Searching for a new job is a very time-consuming and stressful process. If you’re currently unemployed, it actually becomes your “full-time job”. If you are currently employed, but are looking for a new job, well – it’s like taking on a second job on top of having a job already. To get the most out of your job search, you want to be as productive as possible. There are a lot of ways to better organize your time and to direct your energy to make your job search really productive.
Below is a list of what ingredients make for a successful job search (keep in mind some of this might have been mentioned in other articles or videos already, but not as combined as it is here):
- Networking — maintain relationships with peers and others and create new ones
- Monitoring your online presence – don’t let bad stuff about you appear online
- Searching for jobs – you know the drill. Search for new opportunities on a daily basis
- Researching companies – this goes hand in hand with “searching for jobs”. Don’t apply at certain companies unless you plan on feeling miserable all the time.
- Updating resumes – customize your resume per application and of course keep it updated all the time
- Writing cover letters – customize your cover letter.
- Applying to jobs – set a goal to apply for a certain number of jobs per week
- Following up on active applications – sometimes this one is difficult or not possible, but where do-able, follow-up.
- Interviewing for jobs – if you do not have interviews lined up, practice and fine-tune answers to common interview questions. Quiz cards or “cheat sheets” make learning easier and maybe even a bit fun.
- Following up on interviews – definitely send a thank you email to the company after an interview
That’s your first 10 basic steps for what should be on your schedule for a day, a weekend, or an entire week/month. Repetition and persistence are key here. Now learn how to expand on these tips:
1) Make a daily plan for yourself.
Some things like searching for a job should be done daily, while others might be something just for a day or two during the week.
Mondays, Wednesdays, and Fridays: Network – reach out to someone in your network (think LinkedIn as an example). Just say “hello” or meet for lunch or coffee to touch base.
Tuesdays and Thursdays: Practice interview questions and answers. Rehearse in front of a mirror or film yourself with your cellphone camera.
Every Wednesday: Google your name and update your social networking sites if necessary.
Every Tuesday and Friday: Follow up on job applications you sent the previous week
2) Maintain a journal of your activities.
This should include a list for the jobs you’ve applied to (with which companies, on what date, to whom, and with which resume/letter, and dates of follow-up (see video how I organize resumes and cover letters for help)).
Maintain a separate list of your networking efforts. Take notes (after the meeting, phone call, or email) so that you remember the critical parts of a conversation.
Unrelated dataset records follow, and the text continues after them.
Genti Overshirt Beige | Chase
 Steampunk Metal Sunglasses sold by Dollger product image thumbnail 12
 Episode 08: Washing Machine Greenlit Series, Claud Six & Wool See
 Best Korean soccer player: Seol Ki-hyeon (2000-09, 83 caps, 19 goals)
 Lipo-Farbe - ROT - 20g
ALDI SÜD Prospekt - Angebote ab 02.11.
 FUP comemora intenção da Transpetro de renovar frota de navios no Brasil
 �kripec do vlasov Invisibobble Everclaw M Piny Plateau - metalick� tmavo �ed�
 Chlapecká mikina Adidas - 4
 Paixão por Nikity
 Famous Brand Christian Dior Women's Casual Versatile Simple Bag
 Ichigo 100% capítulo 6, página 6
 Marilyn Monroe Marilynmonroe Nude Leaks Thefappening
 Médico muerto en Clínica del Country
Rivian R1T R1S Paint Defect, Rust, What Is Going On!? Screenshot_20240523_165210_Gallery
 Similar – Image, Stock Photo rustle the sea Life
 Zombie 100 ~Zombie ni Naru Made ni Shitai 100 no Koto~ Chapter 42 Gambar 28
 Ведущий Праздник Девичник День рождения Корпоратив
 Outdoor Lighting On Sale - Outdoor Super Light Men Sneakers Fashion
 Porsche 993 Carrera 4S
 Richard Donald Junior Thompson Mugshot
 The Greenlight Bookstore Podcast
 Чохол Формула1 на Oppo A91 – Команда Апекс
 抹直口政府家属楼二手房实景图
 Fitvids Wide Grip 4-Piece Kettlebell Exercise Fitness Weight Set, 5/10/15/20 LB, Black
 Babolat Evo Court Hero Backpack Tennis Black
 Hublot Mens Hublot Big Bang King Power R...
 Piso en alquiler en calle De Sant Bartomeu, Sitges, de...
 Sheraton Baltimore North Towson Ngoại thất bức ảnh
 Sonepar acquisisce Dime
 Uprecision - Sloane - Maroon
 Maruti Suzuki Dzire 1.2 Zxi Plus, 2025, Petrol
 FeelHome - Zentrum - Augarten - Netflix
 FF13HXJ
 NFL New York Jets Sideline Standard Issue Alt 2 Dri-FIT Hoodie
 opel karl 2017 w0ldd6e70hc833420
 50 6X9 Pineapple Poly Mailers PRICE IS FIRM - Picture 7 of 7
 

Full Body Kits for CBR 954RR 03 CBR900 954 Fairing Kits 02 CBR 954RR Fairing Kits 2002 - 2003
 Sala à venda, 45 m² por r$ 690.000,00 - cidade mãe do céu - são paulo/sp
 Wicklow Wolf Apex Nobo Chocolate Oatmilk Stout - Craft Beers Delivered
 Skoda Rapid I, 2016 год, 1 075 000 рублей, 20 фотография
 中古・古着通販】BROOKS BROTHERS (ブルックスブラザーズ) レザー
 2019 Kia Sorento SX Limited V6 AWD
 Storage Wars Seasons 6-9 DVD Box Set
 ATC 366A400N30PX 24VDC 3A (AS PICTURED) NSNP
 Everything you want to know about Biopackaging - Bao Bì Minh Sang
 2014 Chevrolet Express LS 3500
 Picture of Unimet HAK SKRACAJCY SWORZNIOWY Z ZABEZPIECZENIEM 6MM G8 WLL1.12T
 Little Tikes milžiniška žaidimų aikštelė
Follow-up as needed if you receive any potential job leads.
3) Use Twitter for your Job Search
This one might require some extra work, but it might be worth it. Some companies announce new job openings via Twitter with a link back to their website where the actual job posting is. Research companies that you like to work for and see if they use Twitter for that type of thing. Follow them accordingly.
4) Taking Notes and Keeping a Journal
Use a note-taking application to keep track of things. I use OneNote to keep track of certain job search related things. An example of what you want to keep track of is salary information you find embedded in job listings. Salary statistics published by websites and magazines are Ok, but they are very generic. Some companies or recruiters publish actually salary information for some jobs. Public Sector jobs often have detailed salary ranges posted as well. While public sector jobs usually pay less than private sector jobs, it gives you an idea of what is out there. I usually add 5% to 10% on top of public sector salary ranges to have an idea of what a private sector job might pay. Using something like Evernote or OneNote allows you to keep track of that info.
I also keep track of certain job openings – especially if I see the same job posted again a few months after I saw it already. For me that is an indicator of potential problems with a certain company or hiring manager.
Use your cellphone or electronic calendar to setup reminders for yourself. The best plan does not help you, if you forget to do something. An electronic reminder from your cellphone might help. I use the Google Calendar online to send me alerts to my phone and via email. It really helps to keep me focused and I can also block out time to make sure nothing else comes in between me and my job search efforts.